More than 218,000 asylum seekers crossed the Mediterranean to reach Europe in October – a record month that is nearly equivalent to the number of people who crossed in all of last year.
According to the latest data, released by the UN refugee agency (UNHCR), 218,394 people took the sea route, all but 8,129 going through Greece.
The present surge can be partly explained as a last-minute rush before the weather gets rough in the winter. There are also rumours being spread within the diasporas of potential asylum seekers, that European states will implement measures to make it harder to enter the bloc’s territory by next year.
However, the numbers also represent a consistent trend. In June, the number of people crossing the East Mediterranean route (Turkey – Greece) overtook for the first time those crossing from the Central Mediterranean (Libya – Italy).
Since then, the numbers grew exponentially in this direction.
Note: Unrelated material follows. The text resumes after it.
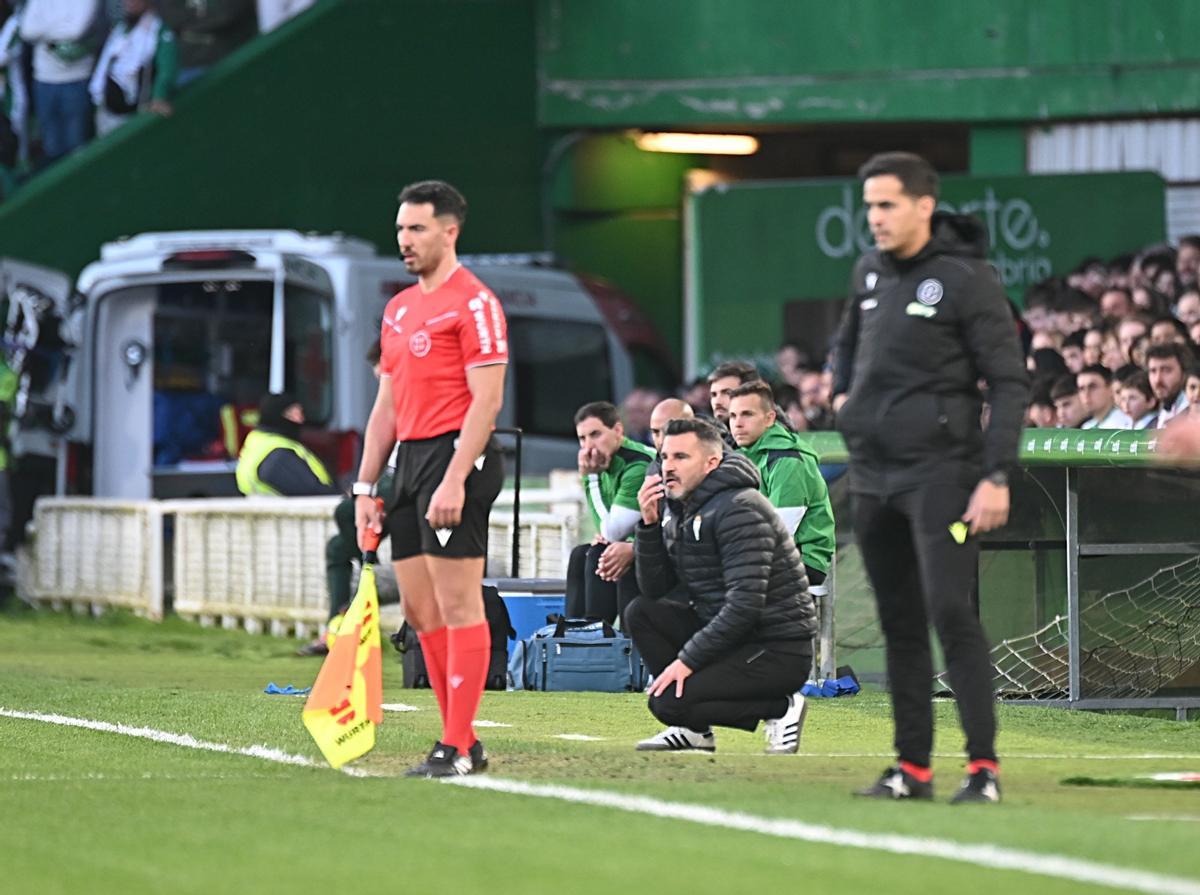 Iván Ania durante el encuentro entre el Racing de Santander y Córdoba CF en El Sardinero.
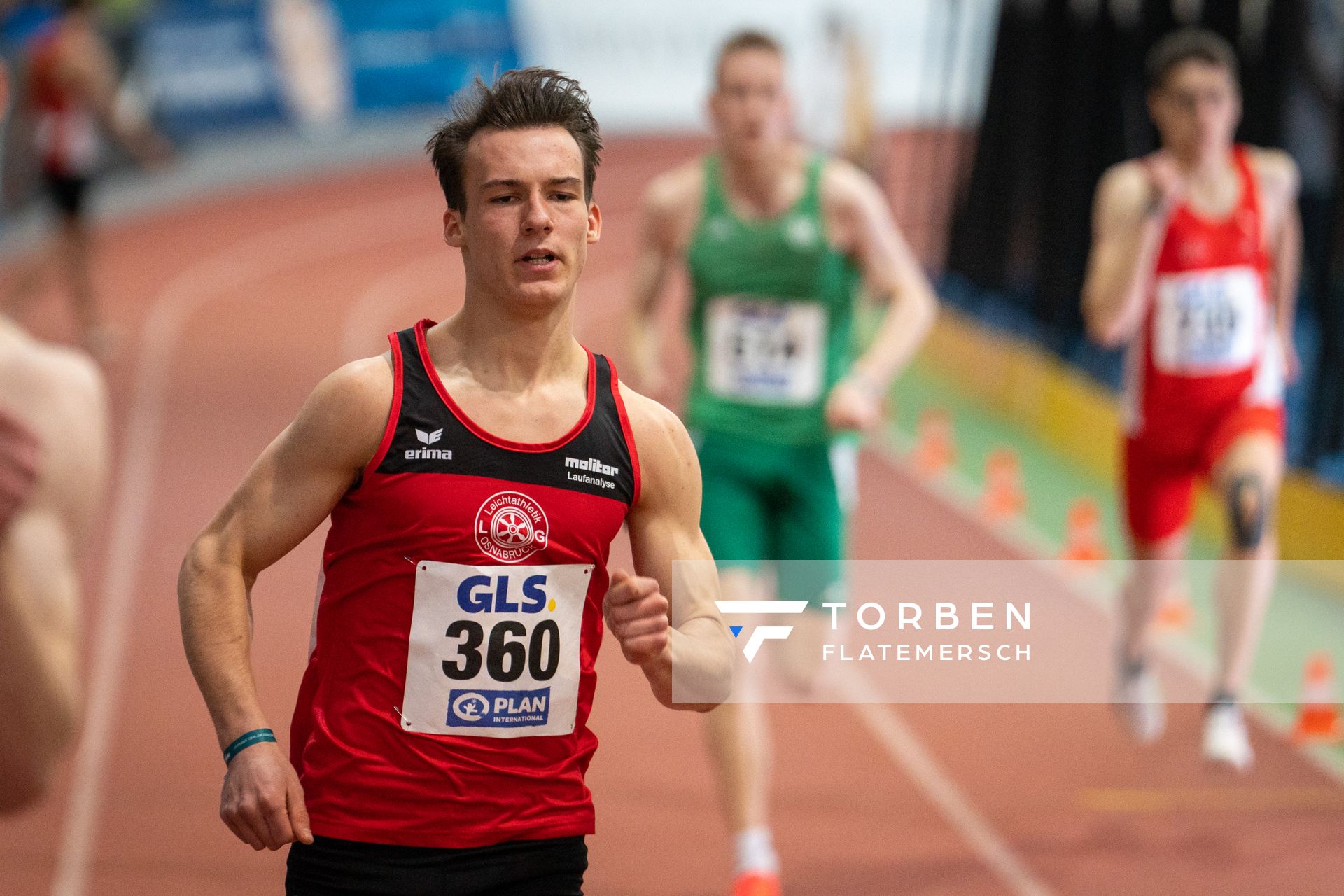 Florian Kroll (LG Osnabrueck) im 400m Vorlauf am 19.02.2022 waehrend der Deutsche Jugend-Hallenmeisterschaften U20 im Glaspalast in Sindelfingen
Moreover, Italy has been experiencing a moderate decline in the number of migrants it receives when compared to the previous year.
Overall, almost 750,000 people crossed the Mediterranean so far this year.
The unprecedented exodus, mostly driven by refugees fleeing conflict zones in Syria, Iraq and Afghanistan, has also resulted in the death of many migrants attempting the crossing.
According to the same October figures, around 3,440 people died or are missing after having embarked on the perilous sea journey. That is compared to some 3,500 would-be asylum seekers who are believed to have died throughout the whole of 2014.